## Data for the task
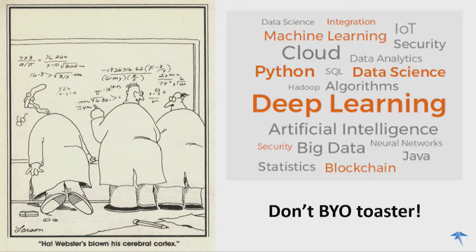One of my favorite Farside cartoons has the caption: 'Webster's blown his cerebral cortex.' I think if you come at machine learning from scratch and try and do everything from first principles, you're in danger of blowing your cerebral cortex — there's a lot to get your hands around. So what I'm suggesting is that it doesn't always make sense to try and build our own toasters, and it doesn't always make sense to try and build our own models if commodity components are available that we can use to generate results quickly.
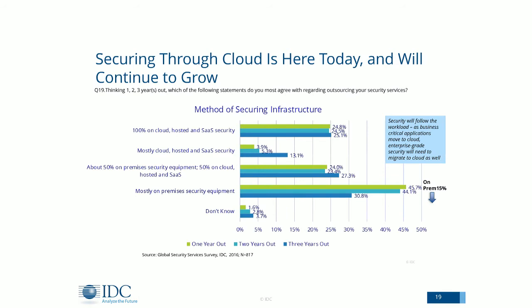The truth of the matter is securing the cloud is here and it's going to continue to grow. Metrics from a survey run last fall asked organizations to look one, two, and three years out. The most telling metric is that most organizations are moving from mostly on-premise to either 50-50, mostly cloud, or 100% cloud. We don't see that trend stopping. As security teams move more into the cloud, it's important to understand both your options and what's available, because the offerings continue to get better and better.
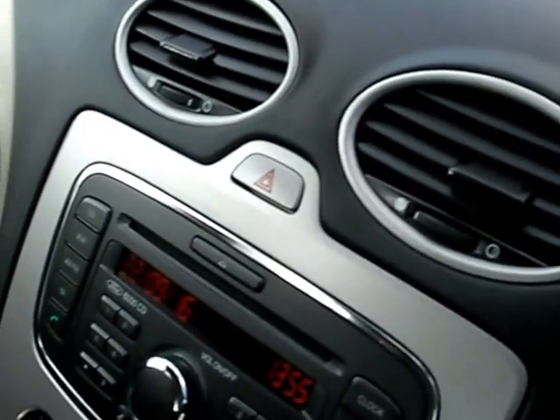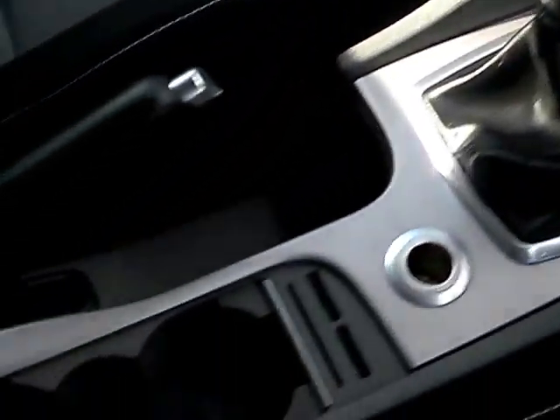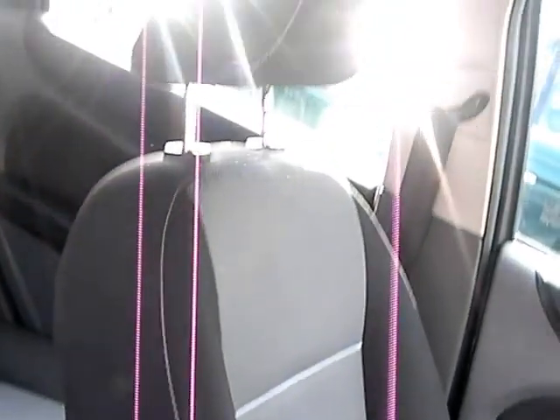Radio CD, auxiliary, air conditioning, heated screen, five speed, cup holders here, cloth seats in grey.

* * *

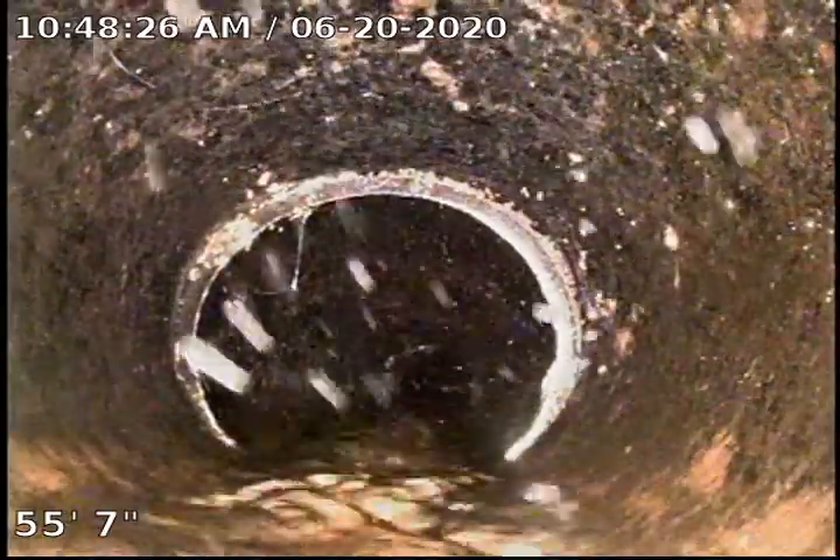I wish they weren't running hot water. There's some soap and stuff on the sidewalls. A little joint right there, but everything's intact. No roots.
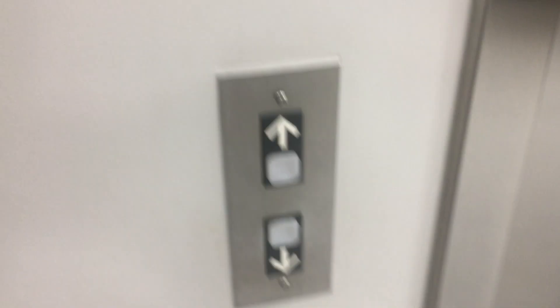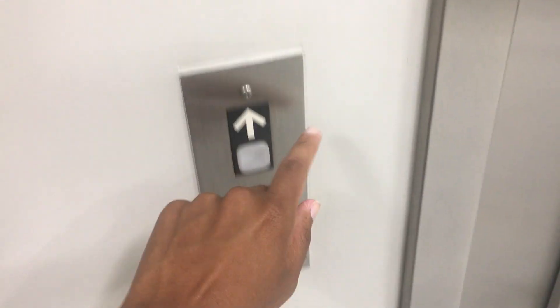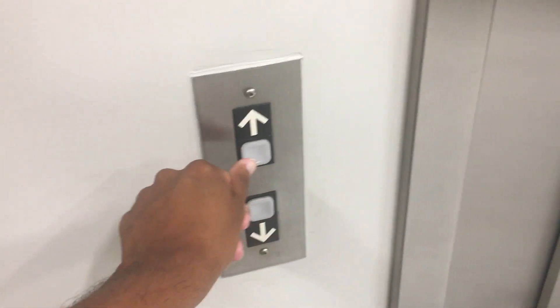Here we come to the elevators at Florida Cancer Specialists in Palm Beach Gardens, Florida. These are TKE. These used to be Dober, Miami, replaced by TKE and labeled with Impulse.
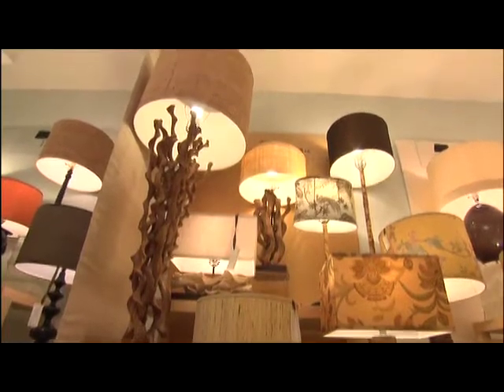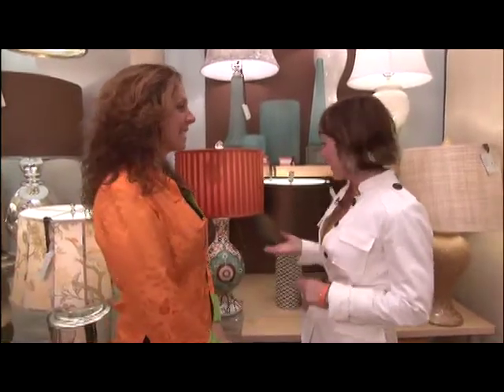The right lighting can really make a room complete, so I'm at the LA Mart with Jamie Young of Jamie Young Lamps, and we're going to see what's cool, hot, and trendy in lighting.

## Try it
Between and including the line with "One of my favorite" and the line with "Radio CD, auxiliary, air", repeat every line exactly as it appears above, with pictures left out.

## Answer space
One of my favorite Farside cartoons has the caption: 'Webster's blown his cerebral cortex.' I think if you come at machine learning from scratch and try and do everything from first principles, you're in danger of blowing your cerebral cortex — there's a lot to get your hands around. So what I'm suggesting is that it doesn't always make sense to try and build our own toasters, and it doesn't always make sense to try and build our own models if commodity components are available that we can use to generate results quickly.
The truth of the matter is securing the cloud is here and it's going to continue to grow. Metrics from a survey run last fall asked organizations to look one, two, and three years out. The most telling metric is that most organizations are moving from mostly on-premise to either 50-50, mostly cloud, or 100% cloud. We don't see that trend stopping. As security teams move more into the cloud, it's important to understand both your options and what's available, because the offerings continue to get better and better.
Radio CD, auxiliary, air conditioning, heated screen, five speed, cup holders here, cloth seats in grey.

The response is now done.